TTF front-month settled at approximately EUR 43.8/MWh on Monday 15 June, down from EUR 49.69 on Thursday 11 June, a fall of roughly 12% over four calendar days that took the Dutch benchmark through its EUR 46-47 floor 1. TTF is the Title Transfer Facility, the Dutch virtual hub that sets Europe's reference wholesale gas price. The break came two days before the EU's pipeline-import ban binds on Wednesday 17 June, and it ran the wrong way for a supply squeeze: the prompt sold off into the deadline rather than bidding a premium ahead of it.
TTF had closed at EUR 50.83 on 8 June , its first settlement above EUR 50 since the 26 May fade, on re-priced Iran risk. The reversal since unwinds that bid and then some. EUR 50 had held as a diplomatic ceiling through May; the EUR 46-47 band had held as a floor across roughly 38 sessions until the 2 June range break to EUR 48.9 . Both levels are now gone, and the prompt sits where it last traded in early May.
The move matters because the consensus going into this week was that the deadline would bid the prompt, not break it.
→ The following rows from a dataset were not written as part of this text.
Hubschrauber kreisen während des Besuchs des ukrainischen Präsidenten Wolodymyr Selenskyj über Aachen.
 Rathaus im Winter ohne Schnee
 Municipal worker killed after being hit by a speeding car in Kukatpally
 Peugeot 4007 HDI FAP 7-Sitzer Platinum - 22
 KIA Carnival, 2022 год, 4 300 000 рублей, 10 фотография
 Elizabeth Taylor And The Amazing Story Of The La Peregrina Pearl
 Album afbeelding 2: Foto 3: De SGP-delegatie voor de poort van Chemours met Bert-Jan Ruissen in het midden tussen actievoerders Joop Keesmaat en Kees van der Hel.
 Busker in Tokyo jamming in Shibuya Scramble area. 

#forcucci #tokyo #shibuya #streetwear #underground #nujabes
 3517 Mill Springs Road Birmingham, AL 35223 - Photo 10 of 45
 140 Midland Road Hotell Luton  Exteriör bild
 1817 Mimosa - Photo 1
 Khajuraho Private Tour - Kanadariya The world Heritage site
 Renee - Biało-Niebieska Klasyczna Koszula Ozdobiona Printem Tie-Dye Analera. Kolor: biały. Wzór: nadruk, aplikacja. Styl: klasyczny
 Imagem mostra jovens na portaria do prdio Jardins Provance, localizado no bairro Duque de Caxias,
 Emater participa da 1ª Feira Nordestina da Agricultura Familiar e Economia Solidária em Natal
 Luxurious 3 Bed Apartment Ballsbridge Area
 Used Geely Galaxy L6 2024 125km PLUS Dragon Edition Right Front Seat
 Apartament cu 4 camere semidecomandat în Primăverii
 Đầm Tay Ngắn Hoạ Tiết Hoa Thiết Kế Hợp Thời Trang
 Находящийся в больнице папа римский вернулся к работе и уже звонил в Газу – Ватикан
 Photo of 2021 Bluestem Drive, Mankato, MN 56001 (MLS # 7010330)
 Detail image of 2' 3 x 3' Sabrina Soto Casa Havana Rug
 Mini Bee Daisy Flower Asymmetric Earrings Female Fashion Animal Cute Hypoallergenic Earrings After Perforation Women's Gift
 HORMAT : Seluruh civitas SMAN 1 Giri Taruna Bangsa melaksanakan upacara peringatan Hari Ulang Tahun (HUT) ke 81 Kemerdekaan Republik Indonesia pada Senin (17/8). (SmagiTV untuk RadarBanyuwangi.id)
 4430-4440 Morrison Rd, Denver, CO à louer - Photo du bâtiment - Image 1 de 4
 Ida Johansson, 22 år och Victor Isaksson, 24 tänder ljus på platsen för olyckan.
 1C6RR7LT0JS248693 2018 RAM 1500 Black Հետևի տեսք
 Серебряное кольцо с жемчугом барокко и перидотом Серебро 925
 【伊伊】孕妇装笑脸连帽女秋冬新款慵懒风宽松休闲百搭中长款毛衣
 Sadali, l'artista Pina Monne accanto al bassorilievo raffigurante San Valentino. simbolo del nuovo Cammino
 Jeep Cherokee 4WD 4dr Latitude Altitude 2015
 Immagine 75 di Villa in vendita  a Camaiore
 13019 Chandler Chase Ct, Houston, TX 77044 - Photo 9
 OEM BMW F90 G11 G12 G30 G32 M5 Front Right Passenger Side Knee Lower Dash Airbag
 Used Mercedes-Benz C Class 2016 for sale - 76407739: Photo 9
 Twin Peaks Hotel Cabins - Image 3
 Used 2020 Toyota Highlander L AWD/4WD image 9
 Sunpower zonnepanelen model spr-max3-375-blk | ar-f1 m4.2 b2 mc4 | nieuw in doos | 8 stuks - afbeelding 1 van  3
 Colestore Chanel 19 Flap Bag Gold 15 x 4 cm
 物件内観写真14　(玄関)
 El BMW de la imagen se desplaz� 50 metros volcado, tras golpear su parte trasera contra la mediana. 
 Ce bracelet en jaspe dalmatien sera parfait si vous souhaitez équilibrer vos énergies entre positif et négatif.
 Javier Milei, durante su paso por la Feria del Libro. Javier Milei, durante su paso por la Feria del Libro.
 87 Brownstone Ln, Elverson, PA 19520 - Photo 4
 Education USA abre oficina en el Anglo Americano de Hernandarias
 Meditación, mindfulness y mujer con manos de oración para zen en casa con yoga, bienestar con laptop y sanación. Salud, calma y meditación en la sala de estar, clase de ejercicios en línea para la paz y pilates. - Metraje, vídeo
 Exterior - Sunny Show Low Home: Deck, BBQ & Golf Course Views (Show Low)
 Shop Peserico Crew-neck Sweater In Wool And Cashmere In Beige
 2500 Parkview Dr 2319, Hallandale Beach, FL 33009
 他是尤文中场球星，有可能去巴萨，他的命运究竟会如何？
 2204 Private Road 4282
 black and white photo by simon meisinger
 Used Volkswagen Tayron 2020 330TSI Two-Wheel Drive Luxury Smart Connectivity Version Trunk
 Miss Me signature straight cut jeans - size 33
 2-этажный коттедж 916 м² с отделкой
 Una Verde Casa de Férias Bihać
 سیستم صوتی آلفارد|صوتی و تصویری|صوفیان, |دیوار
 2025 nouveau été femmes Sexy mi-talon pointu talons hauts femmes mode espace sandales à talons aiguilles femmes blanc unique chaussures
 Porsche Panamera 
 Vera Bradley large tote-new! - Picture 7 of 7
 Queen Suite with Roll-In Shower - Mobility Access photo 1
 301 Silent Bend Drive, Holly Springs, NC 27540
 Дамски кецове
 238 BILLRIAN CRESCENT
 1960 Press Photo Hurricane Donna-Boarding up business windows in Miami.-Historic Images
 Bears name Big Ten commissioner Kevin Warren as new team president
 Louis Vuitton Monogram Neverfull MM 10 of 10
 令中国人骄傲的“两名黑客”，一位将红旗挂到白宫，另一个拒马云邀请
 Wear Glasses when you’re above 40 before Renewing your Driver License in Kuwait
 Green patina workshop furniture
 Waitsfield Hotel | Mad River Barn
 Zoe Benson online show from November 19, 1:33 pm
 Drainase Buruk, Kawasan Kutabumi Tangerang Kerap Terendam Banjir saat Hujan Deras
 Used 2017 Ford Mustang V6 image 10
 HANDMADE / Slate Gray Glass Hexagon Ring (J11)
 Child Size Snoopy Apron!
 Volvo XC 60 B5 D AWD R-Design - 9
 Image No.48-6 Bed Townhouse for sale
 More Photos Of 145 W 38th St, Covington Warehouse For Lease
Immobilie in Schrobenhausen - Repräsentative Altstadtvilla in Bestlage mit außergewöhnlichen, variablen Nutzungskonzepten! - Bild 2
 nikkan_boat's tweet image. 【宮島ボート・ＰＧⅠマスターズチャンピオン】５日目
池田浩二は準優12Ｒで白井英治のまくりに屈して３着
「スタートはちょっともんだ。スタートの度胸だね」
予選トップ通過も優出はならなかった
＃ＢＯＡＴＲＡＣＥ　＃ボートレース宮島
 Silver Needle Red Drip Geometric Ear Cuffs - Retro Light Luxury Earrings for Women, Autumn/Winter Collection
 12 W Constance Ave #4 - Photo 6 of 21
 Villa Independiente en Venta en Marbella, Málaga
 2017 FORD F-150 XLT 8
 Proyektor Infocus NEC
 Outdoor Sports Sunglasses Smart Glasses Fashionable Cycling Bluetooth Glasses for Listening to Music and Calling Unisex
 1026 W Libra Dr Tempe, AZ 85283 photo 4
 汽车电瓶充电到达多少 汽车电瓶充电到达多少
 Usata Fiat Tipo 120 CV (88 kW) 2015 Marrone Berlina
A benchmark falling 12% into the binding date is the market separating the regulation's headline from its enforceable reach. For a winter-Cal-26-long against summer-short desk, the strip inversion that FNB Gas called a broken refill mechanism still pays here, because the front fell faster than the back. The pre-ban sell-off is the clearest signal yet that the squeeze on European gas is not coming from the pipeline supply the regulation targets.